*** DATA FOR REVIEW

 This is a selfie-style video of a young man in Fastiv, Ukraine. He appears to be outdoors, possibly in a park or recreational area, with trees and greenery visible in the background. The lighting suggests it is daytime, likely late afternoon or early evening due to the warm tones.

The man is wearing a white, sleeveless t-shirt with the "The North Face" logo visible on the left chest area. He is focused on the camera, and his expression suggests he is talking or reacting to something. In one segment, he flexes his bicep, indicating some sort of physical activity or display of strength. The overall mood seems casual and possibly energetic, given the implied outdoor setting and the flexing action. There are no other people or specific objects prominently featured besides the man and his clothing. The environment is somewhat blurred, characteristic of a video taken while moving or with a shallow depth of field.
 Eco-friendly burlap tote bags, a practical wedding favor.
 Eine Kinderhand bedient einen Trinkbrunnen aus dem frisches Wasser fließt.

******
*** DATA FOR REVIEW

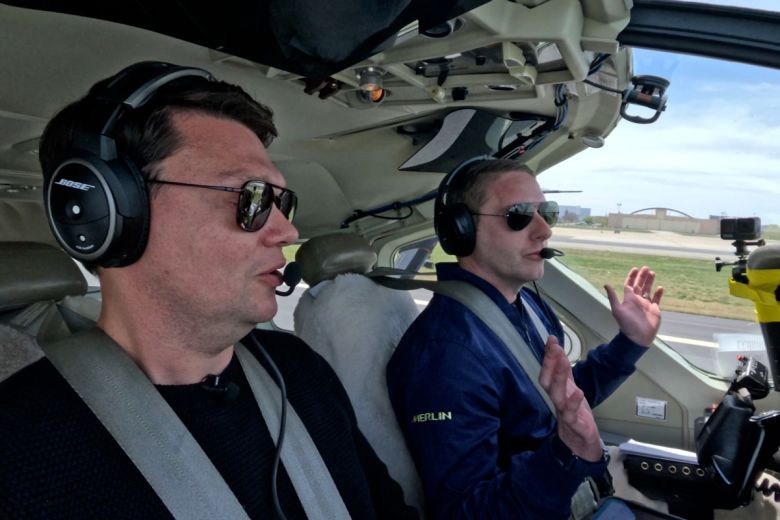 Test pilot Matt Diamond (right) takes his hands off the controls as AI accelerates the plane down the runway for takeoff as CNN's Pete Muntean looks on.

******
*** DATA FOR REVIEW

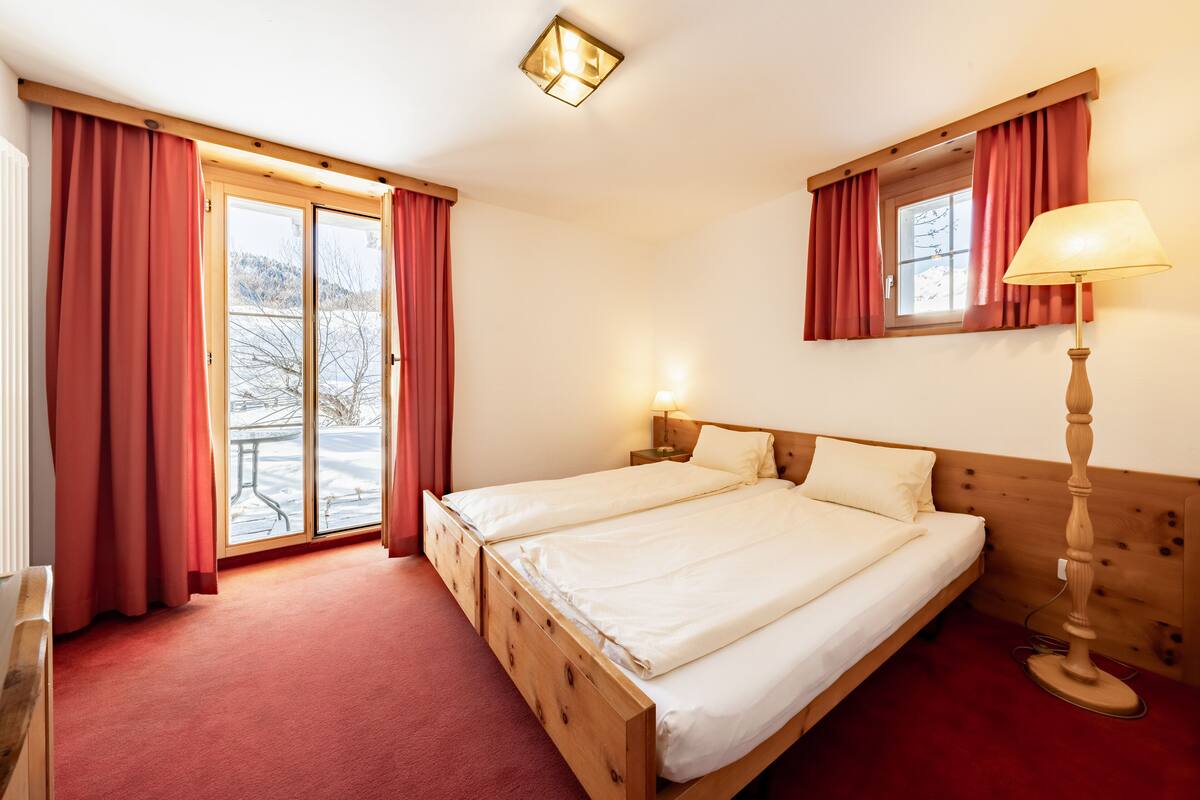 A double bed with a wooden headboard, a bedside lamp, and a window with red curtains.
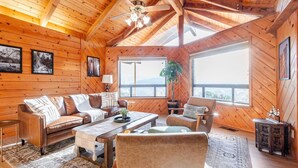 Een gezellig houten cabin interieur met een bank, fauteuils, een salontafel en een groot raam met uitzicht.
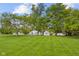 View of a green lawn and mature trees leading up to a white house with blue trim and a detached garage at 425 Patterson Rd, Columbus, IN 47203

******

PROMPT:
Everything in the material above from the line that has "This is a selfie-style" through the line that has "Eine Kinderhand bedient" must be duplicated exactly, with no other lines given.

RESULT OF THIS TASK:
 This is a selfie-style video of a young man in Fastiv, Ukraine. He appears to be outdoors, possibly in a park or recreational area, with trees and greenery visible in the background. The lighting suggests it is daytime, likely late afternoon or early evening due to the warm tones.

The man is wearing a white, sleeveless t-shirt with the "The North Face" logo visible on the left chest area. He is focused on the camera, and his expression suggests he is talking or reacting to something. In one segment, he flexes his bicep, indicating some sort of physical activity or display of strength. The overall mood seems casual and possibly energetic, given the implied outdoor setting and the flexing action. There are no other people or specific objects prominently featured besides the man and his clothing. The environment is somewhat blurred, characteristic of a video taken while moving or with a shallow depth of field.
 Eco-friendly burlap tote bags, a practical wedding favor.
 Eine Kinderhand bedient einen Trinkbrunnen aus dem frisches Wasser fließt.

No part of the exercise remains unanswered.